03 00008 popLike I said, it's hard to do a GetReligion commentary about a photo essay. But here goes. Start by clicking here. Now click here. Finally, click here and look over this new photo essay -- taken from the book The Amazing Faith of Texas, by Roy Spence -- in the award-winning religion section of The Dallas Morning News. Does anyone else see any connections?

So what is the theological message of this photo essay?

The project conveys the rich diversity of faith in Texas -- and shows that "when it comes to religion, what unites us is more important and deeper than what divides us," said Mr. Spence, the head of GSD&M, the Austin ad agency best known for its "Don't Mess with Texas" campaign.

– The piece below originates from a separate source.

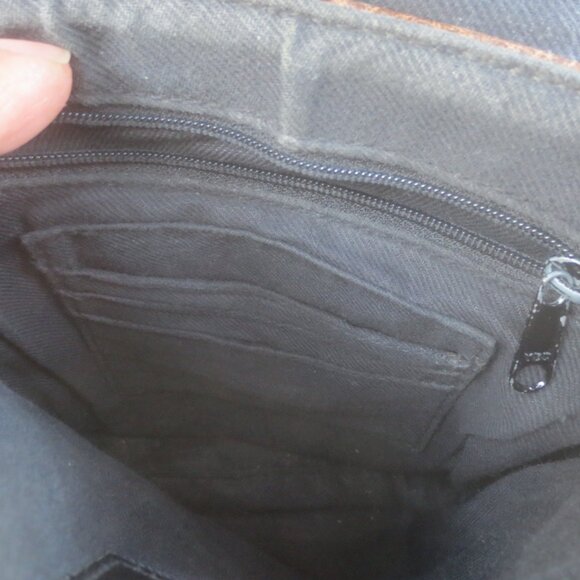 Liz Claiborne Thick Leather Utility Travel Shoulder Pouch. - Picture 6 of 11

"When you ask Texans what they believe in, what they think about spiritually, they don't talk about politics, gay marriage or anything like that," he said. "They say, 'I believe in God. I believe in the Golden Rule. And I'm pretty dadgum tolerant of other people's beliefs.'"

Wow. I had no idea that Texas was such a National Council of Churches kinda place. But it must be true. Look at these pictures from a company in Austin. There are conservative Protestants in here, I guess. But their only institutional homes are old and empty (First Baptist Church, Dallas, at night) or tiny and funky (think tiny towns in West Texas).

Once again, where are the folks featured in this here article? It's from Christianity Today and it calls Dallas "The New Capital of Evangelicalism."

Well, I have known lots of Texans in my day (I am one, like it or not), and lots of them believe in the Golden Rule and still have lots of strong opinions and beliefs about all of that nasty stuff linked to divisive moral, religious and social issues. In other words, there are Texas Unitarians -- but I don't think they're the folks who have made Texas the megachurch capital of the universe.